Skip to content

TableMetadata (CSVW-EO)

Overview

TableMetadata is the top-level container for describing a CSVW-EO table in the library. It aggregates:

  • Global privacy constraints
  • Column-level metadata
  • Optional multi-column (group) metadata
  • JSON-LD context information

It supports: - Serialization to JSON-LD via to_dict() - Deserialization from JSON-LD via from_dict()


Fields

Core Privacy Parameters

Field Type Description
privacy_unit str \| None Identifier defining the unit of privacy (e.g., user ID).
max_contributions int \| None Maximum number of contributions per privacy unit across the dataset.
max_length int \| None Maximum number of rows per privacy unit.
public_length int \| None Total number of rows in the released dataset (public size).

Schema Definition

Field Type Description
columns list[ColumnMetadata] List of column metadata definitions forming the table schema.
column_groups list[ColumnGroupMetadata] \| None Optional definitions for grouped columns sharing joint partitioning or constraints.

JSON-LD Metadata

Field Type Description
context list[str] JSON-LD context. Defaults to [CSVW_CONTEXT, CSVW_SAFE_CONTEXT].
table_type str JSON-LD type of the object. Defaults to "Table".

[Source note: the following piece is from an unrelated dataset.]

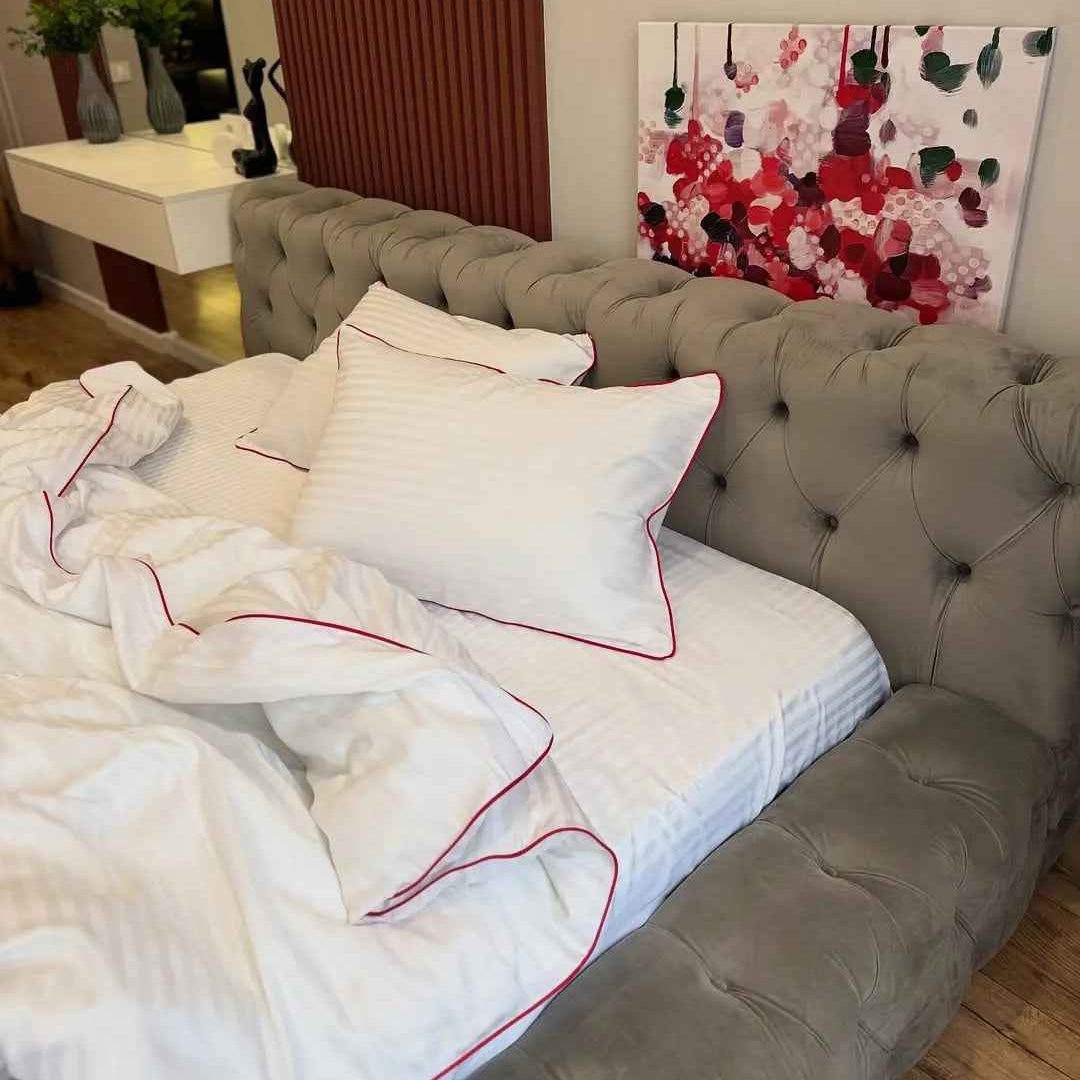 Pościel z Merceryzowanej Satyny z Czerwoną Lamówką w Pasy – Biała, 100% Bawełna Turecka, 140 g/m², Kolekcja Premium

to_dict() and from_dict() Representation

The to_dict() method converts the TableMetadata instance into a CSVW-EO compliant JSON-LD dictionary.

The from_dict() method reconstructs a TableMetadata instance from a CSVW-EO compliant JSON-LD dictionary.

Field Mapping

Python Attribute JSON Key Notes
context @context JSON-LD context array
table_type @type Typically "Table"
privacy_unit privacyUnit May be null
max_contributions maxContributions May be null
max_length maxLength May be null
public_length publicLength May be null
columns tableSchema.columns Always present
column_groups additionalInformation Only included if not None

Serialization (to_dict())

  • Produces a JSON-LD compliant dictionary
  • Always includes:
  • @context
  • @type
  • tableSchema.columns
  • Includes optional fields even if their value is None
  • Serializes nested objects via:
  • ColumnMetadata.to_dict()
  • ColumnGroupMetadata.to_dict()

Deserialization (from_dict())

  • Reconstructs a full TableMetadata object from a dictionary
  • Parses nested structures:
  • Columns via ColumnMetadata.from_dict()
  • Column groups via ColumnGroupMetadata.from_dict()
  • Uses .get() for optional fields, defaulting to None when missing
  • Preserves JSON-LD metadata (@context, @type) if provided

Parsing Details

  • tableSchema.columns is required and always parsed
  • additionalInformation is optional
  • Missing optional fields do not raise errors (handled by Pydantic defaults)
  • (For now): Input is assumed to already follow CSVW-EO structure (no deep validation layer beyond model constraints). TODO: be more strict here (like datatypes options).

Example

Python pydantic object:

metadata = TableMetadata(
    privacy_unit="user_id",
    max_contributions=5,
    max_length=10,
    public_length=1000,
    columns=[...]
)

Serialized json-ld output after json_repr = metadata.to_dict():

json_repr = {
  "@context": [
    "http://www.w3.org/ns/csvw",
    "path/to/csvw-eo-context.jsonld"
  ],
  "@type": "Table",
  "privacyUnit": "user_id",
  "maxContributions": 5,
  "maxLength": 10,
  "publicLength": 1000,
  "tableSchema": {
    "columns": [
      {
        "@type": "Column",
        "name": "...",
        "datatype": "..."
      }
    ]
  }
}
and then the round-trip conversion:
metadata = TableMetadata.from_dict(json_repr)

Library usage

  • make_metadata_from_data.py generates a valid TableMetadata based on the input metadata and arguments and then serialise it with metadata.to_dict().
  • validate_metadata.py validates the json representation with the from_dict() method.
  • Other scripts (make_dummy_from_metadata.py, csvw_to_opendp_context.py, csvw_to_opendp_margins.py, csvw_to_smarntoise_sql.py) expect the json representation as input but it is recommended to use validate_metadata.py on the json representation first to ensure that the scripts will work.

Summary

TableMetadata is the entry point for CSVW-EO metadata, providing: - A structured way to define dataset privacy constraints - Full schema description (columns + groups) - Bidirectional conversion: - to_dict() → JSON-LD serialization - from_dict() → object reconstruction

This makes it suitable for validation, transformation, and interoperability workflows.